There are a lot of variables that will affect the total cost of your MCA, including the MCA provider, the terms you agree to, and the state in which you live. The factor rate, which is simply a multiplier of the advance's principal, is what determines the interest rates on business cash advances. Suppose a firm gets granted $100,000 with a factor rate of 1.5. This means it will have to pay back $150,000 (100,000 x 1.5) in interest. In this case, the advance conditions would dictate the daily payment. Higher revenue statistics might place the applicant in a better position to qualify for a reduced factor rate.

What Are the Pros and Cons of Merchant Cash Advances?

Let's take a closer look at some of the key benefits and drawbacks of this type of financing:


  • An online application might really expedite the delivery of cash to a firm within hours.
  • There is no need to fill out, fax, scan, or submit a long application form.
  • A percentage of sales rather than a fixed monthly payment may work in the firm's favor if sales are slow in the beginning.
  • A cash advance for business with no collateral leads to high acceptance rates.
  • Merchant Cash Advances (MCAs) don't have to consider weak credit ratings because small businesses bear the ups and downs in the economy.
  • A Cash advance for business is far more likely to be authorized if your business is doing well financially and your business's past credit card sales are good.
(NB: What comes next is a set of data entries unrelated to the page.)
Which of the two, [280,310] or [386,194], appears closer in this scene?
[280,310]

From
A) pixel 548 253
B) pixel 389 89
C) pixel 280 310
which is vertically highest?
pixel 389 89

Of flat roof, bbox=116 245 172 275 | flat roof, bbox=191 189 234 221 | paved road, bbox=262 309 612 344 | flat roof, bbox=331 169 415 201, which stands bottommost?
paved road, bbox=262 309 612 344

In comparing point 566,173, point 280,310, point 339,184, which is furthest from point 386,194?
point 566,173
  • Compared to traditional bank loans, MCA can be more expensive in the long run because of the higher factor rates.
  • If you pay back the advance before the end of the term, your effective APR goes up because the interest isn't spread out over the term.
  • Some MCA providers charge additional administration costs in addition to their exorbitant factor rates.
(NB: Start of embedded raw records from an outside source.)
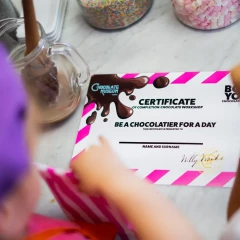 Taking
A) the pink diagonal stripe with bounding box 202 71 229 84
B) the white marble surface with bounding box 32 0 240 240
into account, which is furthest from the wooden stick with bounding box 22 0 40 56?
the pink diagonal stripe with bounding box 202 71 229 84

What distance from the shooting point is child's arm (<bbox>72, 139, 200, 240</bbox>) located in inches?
15.0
How to Be Eligible For a Merchant Cash Advance?

Before you apply for an MCA, it is important to understand the following eligibility requirements.

  • You must have been in business for at least six months to ensure that you have a steady income and are able to repay the loan.
  • You will also need to have a credit card terminal or processing account because MCAs are typically repaid with a percentage of your business’s daily sales.
  • Your personal credit rating is also important to most lenders to decide the interest rate for you. With a higher credit score, you will be charged a reduced interest rate.

How Do Merchant Cash Advance Repayment Work?

Merchant cash advance repayment works by borrowers agreeing to a set percentage of their future credit card sales as repayment. This percentage is usually agreed upon before the business cash advance is given. The repayment schedule is usually worked out so that the full amount is paid back within a certain number of months. If the borrower's credit card sales exceed the agreed-upon percentage, the borrowed amount is paid back sooner. If the borrower's credit card sales fall short of the agreed-upon percentage, the repayment schedule may be extended.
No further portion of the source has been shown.